At the beginning of the week, Rachel Maddow reported on a small change in FCC filing procedures that’s put up online public records of election advertising. Those were previously only accessible in physical form and piecemeal spread out across several locations. While this does reduce the difficulty for the average person to access vital information, it’s not by much. Say, for instance, you’re interested in seeing what groups have purchased advertising advocating against the proposed labeling of genetically modified products in California – searching for ad buys across the entire state requires a state code that’s not listed on the “transparency” website. Even if you want to electronically go through the major media markets in the state, many stations haven’t bothered to list their political advertising, or incompletely list that an unspecified amount of time was purchase for an unspecified amount of money by mostly unspecified donors to the official anti-labeling fund.
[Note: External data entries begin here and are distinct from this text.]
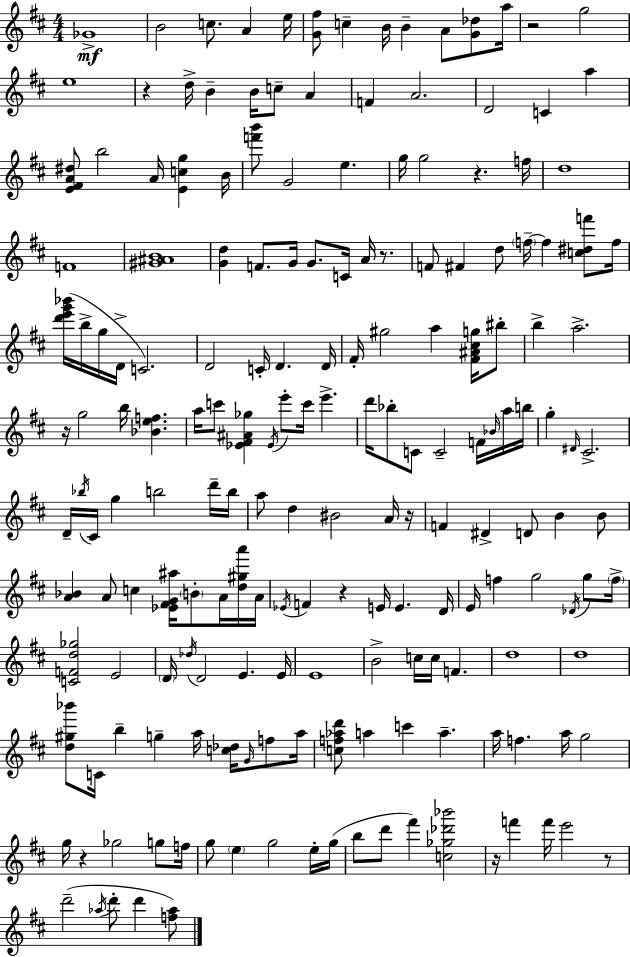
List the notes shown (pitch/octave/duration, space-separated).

Gb4/w B4/h C5/e. A4/q E5/s [G4,F#5]/e C5/q B4/s B4/q A4/e [G4,Db5]/e A5/s R/h G5/h E5/w R/q D5/s B4/q B4/s C5/e A4/q F4/q A4/h. D4/h C4/q A5/q [E4,F#4,A4,D#5]/e B5/h A4/s [E4,C5,G5]/q B4/s [F6,B6]/e G4/h E5/q. G5/s G5/h R/q. F5/s D5/w F4/w [G#4,A#4,B4]/w [G4,D5]/q F4/e. G4/s G4/e. C4/s A4/s R/e. F4/e F#4/q D5/e F5/s F5/q [C5,D#5,F6]/e F5/s [D6,E6,G6,Bb6]/s B5/s G5/s D4/s C4/h. D4/h C4/s D4/q. D4/s F#4/s G#5/h A5/q [F#4,A#4,C#5,G5]/s BIS5/e B5/q A5/h. R/s G5/h B5/s [Bb4,E5,F5]/q. A5/s C6/e [Eb4,F#4,A#4,Gb5]/q Eb4/s E6/e C6/s E6/q. D6/s Bb5/e C4/e C4/h F4/s Bb4/s A5/s B5/s G5/q D#4/s C#4/h. D4/s Bb5/s C#4/s G5/q B5/h D6/s B5/s A5/e D5/q BIS4/h A4/s R/s F4/q D#4/q D4/e B4/q B4/e [A4,Bb4]/q A4/e C5/q [Eb4,F#4,G4,A#5]/s B4/e A4/s [D5,G#5,A6]/s A4/s Eb4/s F4/q R/q E4/s E4/q. D4/s E4/s F5/q G5/h Db4/s G5/e F5/s [C4,F4,D5,Gb5]/h E4/h D4/s Db5/s D4/h E4/q. E4/s E4/w B4/h C5/s C5/s F4/q. D5/w D5/w [D5,G#5,Bb6]/e C4/s B5/q G5/q A5/s [C5,Db5]/s G4/s F5/e A5/s [C5,F5,Ab5,D6]/e A5/q C6/q A5/q. A5/s F5/q. A5/s G5/h G5/s R/q Gb5/h G5/e F5/s G5/e E5/q G5/h E5/s G5/s B5/e D6/e F#6/q [C5,Gb5,Db6,Bb6]/h R/s F6/q F6/s E6/h R/e D6/h Ab5/s D6/e D6/q [F5,Ab5]/e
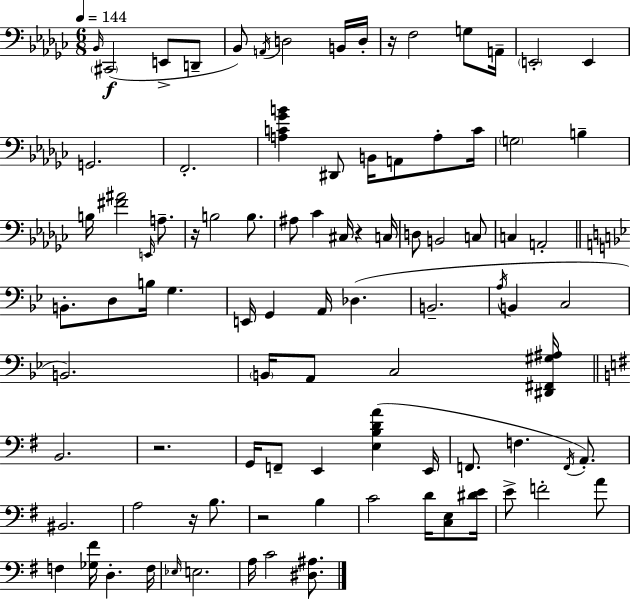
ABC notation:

X:1
T:Untitled
M:6/8
L:1/4
K:Ebm
_B,,/4 ^C,,2 E,,/2 D,,/2 _B,,/2 A,,/4 D,2 B,,/4 D,/4 z/4 F,2 G,/2 A,,/4 E,,2 E,, G,,2 F,,2 [A,C_GB] ^D,,/2 B,,/4 A,,/2 A,/2 C/4 G,2 B, B,/4 [^F^A]2 E,,/4 A,/2 z/4 B,2 B,/2 ^A,/2 _C ^C,/4 z C,/4 D,/2 B,,2 C,/2 C, A,,2 B,,/2 D,/2 B,/4 G, E,,/4 G,, A,,/4 _D, B,,2 A,/4 B,, C,2 B,,2 B,,/4 A,,/2 C,2 [^D,,^F,,^G,^A,]/4 B,,2 z2 G,,/4 F,,/2 E,, [E,B,DA] E,,/4 F,,/2 F, F,,/4 A,,/2 ^B,,2 A,2 z/4 B,/2 z2 B, C2 D/4 [C,E,]/2 [^DE]/4 E/2 F2 A/2 F, [_G,^F]/4 D, F,/4 _E,/4 E,2 A,/4 C2 [^D,^A,]/2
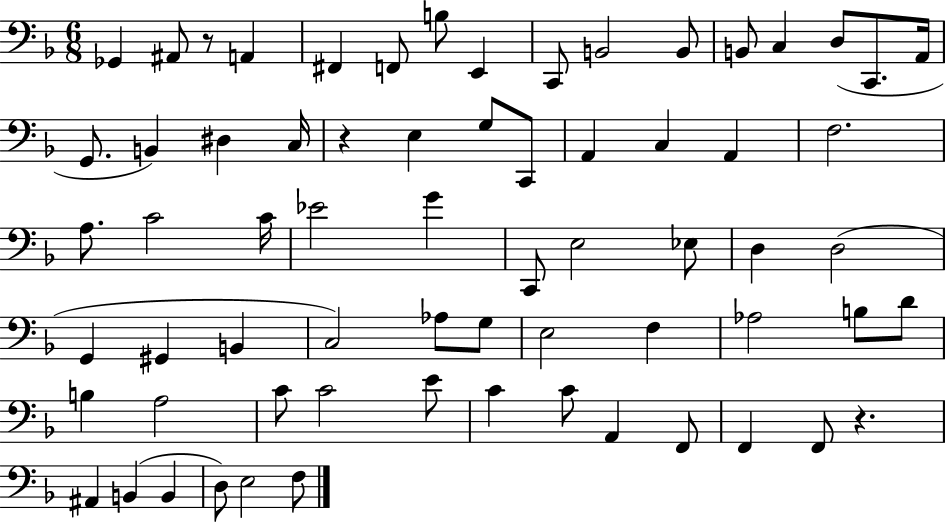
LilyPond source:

{
  \clef bass
  \numericTimeSignature
  \time 6/8
  \key f \major
  ges,4 ais,8 r8 a,4 | fis,4 f,8 b8 e,4 | c,8 b,2 b,8 | b,8 c4 d8( c,8. a,16 | \break g,8. b,4) dis4 c16 | r4 e4 g8 c,8 | a,4 c4 a,4 | f2. | \break a8. c'2 c'16 | ees'2 g'4 | c,8 e2 ees8 | d4 d2( | \break g,4 gis,4 b,4 | c2) aes8 g8 | e2 f4 | aes2 b8 d'8 | \break b4 a2 | c'8 c'2 e'8 | c'4 c'8 a,4 f,8 | f,4 f,8 r4. | \break ais,4 b,4( b,4 | d8) e2 f8 | \bar "|."
}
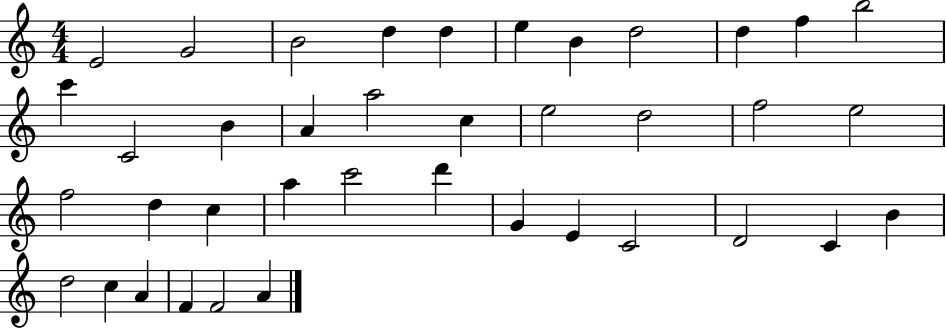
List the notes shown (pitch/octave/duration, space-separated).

E4/h G4/h B4/h D5/q D5/q E5/q B4/q D5/h D5/q F5/q B5/h C6/q C4/h B4/q A4/q A5/h C5/q E5/h D5/h F5/h E5/h F5/h D5/q C5/q A5/q C6/h D6/q G4/q E4/q C4/h D4/h C4/q B4/q D5/h C5/q A4/q F4/q F4/h A4/q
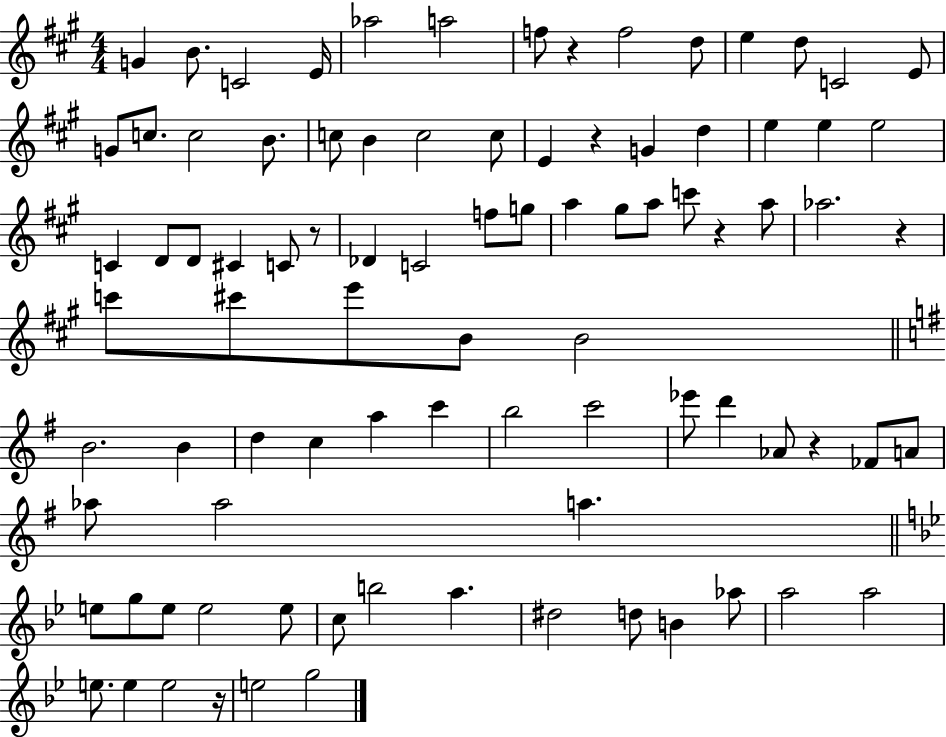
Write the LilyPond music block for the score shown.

{
  \clef treble
  \numericTimeSignature
  \time 4/4
  \key a \major
  g'4 b'8. c'2 e'16 | aes''2 a''2 | f''8 r4 f''2 d''8 | e''4 d''8 c'2 e'8 | \break g'8 c''8. c''2 b'8. | c''8 b'4 c''2 c''8 | e'4 r4 g'4 d''4 | e''4 e''4 e''2 | \break c'4 d'8 d'8 cis'4 c'8 r8 | des'4 c'2 f''8 g''8 | a''4 gis''8 a''8 c'''8 r4 a''8 | aes''2. r4 | \break c'''8 cis'''8 e'''8 b'8 b'2 | \bar "||" \break \key e \minor b'2. b'4 | d''4 c''4 a''4 c'''4 | b''2 c'''2 | ees'''8 d'''4 aes'8 r4 fes'8 a'8 | \break aes''8 aes''2 a''4. | \bar "||" \break \key g \minor e''8 g''8 e''8 e''2 e''8 | c''8 b''2 a''4. | dis''2 d''8 b'4 aes''8 | a''2 a''2 | \break e''8. e''4 e''2 r16 | e''2 g''2 | \bar "|."
}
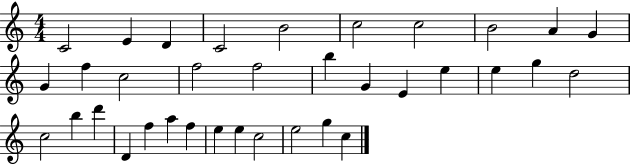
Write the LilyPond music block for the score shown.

{
  \clef treble
  \numericTimeSignature
  \time 4/4
  \key c \major
  c'2 e'4 d'4 | c'2 b'2 | c''2 c''2 | b'2 a'4 g'4 | \break g'4 f''4 c''2 | f''2 f''2 | b''4 g'4 e'4 e''4 | e''4 g''4 d''2 | \break c''2 b''4 d'''4 | d'4 f''4 a''4 f''4 | e''4 e''4 c''2 | e''2 g''4 c''4 | \break \bar "|."
}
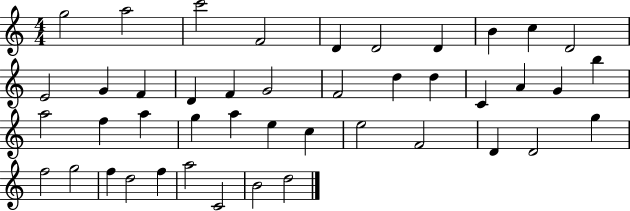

With such spotting records of how the opponents to this public proposition (number 37 on the ballot this fall) have spent their funds, it makes more sense to look at their overall total “war chest” – which the California Secretary of State is obligated to make available online. Of course, the average person is going to simply look in those files under general information, which misleadingly only lists the total contributions as of June 30, 2012, creating the impression that only slightly more than a million dollars has been donated to this campaign. Oddly enough, the same general information section also specifies the subtotal of those funds raised in the previous three months, because that’s truly key information.
If a reader were to dig deeper, however, they might notice that the “Contributions Received” subsection strangely lists donations during the first half of the year and the month of July, with the additional information of what company or individual donated but without a helpful total (so grab a calculator if you really want to know). Additionally confusing, however, is that the section for “Late and $5000+ Contributions Received,” which seems like a narrow category is actually the most complete list, containing all contributions of more than $5000 and all contributions following the later end of July cut-off date. It still fails to provide any sort of tabulation of the overall amount donated into this fund – so again hopefully you’re quite good with sums.
While I don’t know the origins of this convoluted tracking and “transparency” system, companies seem quite capable of manipulating them – as the scarce million dollars most clearly listed are dwarfed by the more than twenty-five million dollars actually donated to this fund. Most companies, namely Monsanto which alone donated more than four million dollars, have waited until after the two cut-off points for “on-time” donations, and consequently aren’t overtly listed. Their reasons for funding the opposition to this proposition are clear – labeling allows genetically modified food products to enter the market place without being subject to public scrutiny, something that the public has strongly opposed, and for quite some time. Already, with ads suggesting that the regulations are inconsistent or nonsensical and fundamentally unrelated to genetically modified products, powerful businesses have been able to reduce the massive super majority in favor of labeling into a significant majority in favor of the proposition.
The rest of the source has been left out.